Cabaret singing is one of the most venerable of pop
idioms, yet one fraught with some paradoxical
pitfalls: betraying emotional candor, yet not the
studied artifice of the singer. And while Elvis
Costello has a long and successful flirtation with the
style, he's seldom delivered it with the consistently
stripped-down directness he's mustered here. Costello
claims the alum's songs bubbled forth nearly
fully-formed over the winter of ‘02-‘03, and indeed
they often ebb and flow with an unpredictable fluidity
that seems to reflect the songwriter's subconscious
mind (to the point of occasionally conjuring fleeting,
almost spectral melodic references from his beloved
pop standards) at its most creatively naked. For an
artist who's long prided himself on the willful
literacy and challenging symbolism of his lyrics, the
transparency of his romantic musings here is often
startling. Likely inspired by an arc of emotional
change in his own life (Costello hints that the
bittersweet "You Left Me in the Dark" and hopefulness
"I'm in the Mood Again" don't bookend the album by
coincidence), a subtext of difficult romantic
communication also surfaces repeatedly on tracks like
the dramatic "Someone Took the Words Away" and lovely
"When it Sings," while the neo-classicism of "Still"
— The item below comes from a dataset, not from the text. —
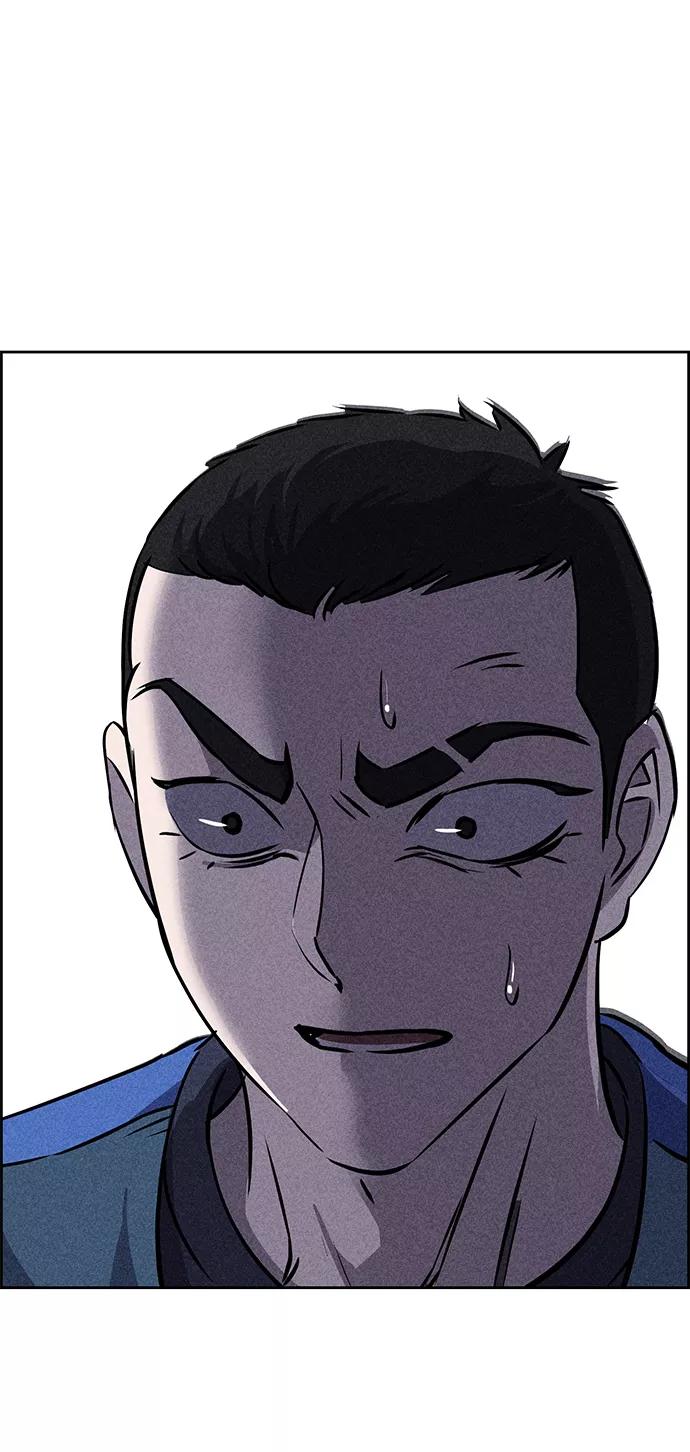 《笨蛋天才》第45话 第89页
reunites Costello with the Brodsky Quartet in arguably
the album's most traditional, sophisticated moment.
Backed by Steve Nieve's spare, haunting piano (the
instrument the songwriter composed the songs at; it's
the most guitar-free album of his career), the drums
of Peter Erskine, and double-bass of Mike Formanek,
with only the most economic of orchestral flourishes,
the mood is decidedly autumnal, Costello's gently
quavering voice pushed into the spotlight as never
before, a musical tightrope walk whose sublime
execution seldom belies its conceptual audacity.